The U.S. Supreme Court held, however, that CWA’s permitting program was also not designed to exclude all releases of pollutants that travel through groundwater. The Supreme Court explained that this would create a loophole allowing a company discharging through a pipe to “simply move the pipe back, perhaps only a few hundred yards, so that the pollution must travel though at least some groundwater before reaching the sea.”    Instead, the Supreme Court concluded that CWA requires a permit when “there is the functional equivalent of direct discharge.” The Supreme Court did not outline a test for “functional equivalent,” but rather left it up to the courts to decide on a case-by-case basis.  To aid other courts in reaching a determination, the Supreme Court gave a list of suggested factors for consideration including:

  • “transit time,
  • distance traveled,
  • the nature of the material through which the pollutant travels,
  • the extent to which the pollutant is diluted or chemically changed as it travels,
  • the amount of pollutant entering the navigable waters relative to the amount of the pollutant that leaves the point source,
  • the matter by or area in which the pollutant enters the navigable waters, and
  • the degree to which the pollution (at that point) has maintained its specific identify.”

The Supreme Court noted that, “time and distance [between the point source and the navigable waters] will be the most important factors in most cases, but not necessarily every case.”
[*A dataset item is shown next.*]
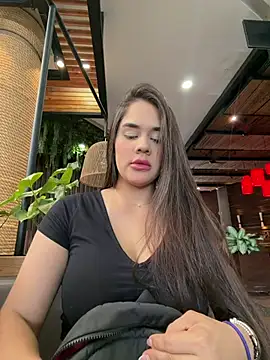 BellaLeclair online show from June 2, 8:33 pm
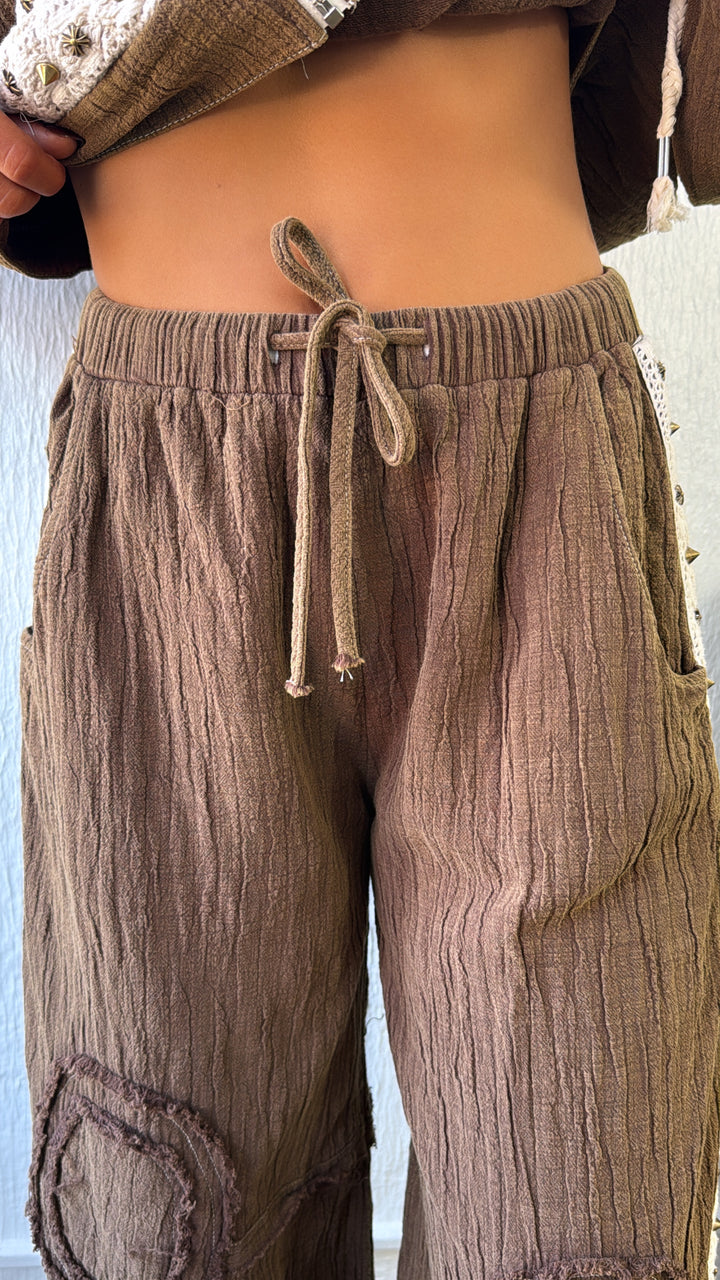 POL: Studded Jogger, Chocolate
While the Supreme Court failed to establish a bright line rule, the opinion offers a middle ground between industry groups that want all releases of pollutants to groundwater excluded from the permitting program under the CWA, and environmental groups that argue a permit is required when a pollutant can be traced back to a point source.

The opinion of the Court was authored by Justice Breyer and was joined by Chief Justice Roberts and Justices Ginsburg, Sotomayor, Kagan, and Kavanaugh. Justice Kavanaugh filed a concurring opinion. Justice Alito filed a dissent, and Justice Thomas filed a separate dissent which was joined by Justice Gorsuch.

[1] Full text of the final rule is available at

[2] Rapanos v. United States, 547 US 715 (2006).

[3] County of Maui v. Hawaii Wildlife Fund, 590 US __ (2020).

[4] Federal Water Pollution Control Act, §§ 301(a), 502(12)(A), as amended by the Federal Water Pollution Control Act Amendments of 1972 (Clean Water Act) § 2, 86 Stat. 844, 886, 33 U.S.C. §§ 1311(a), 1262(12)(A).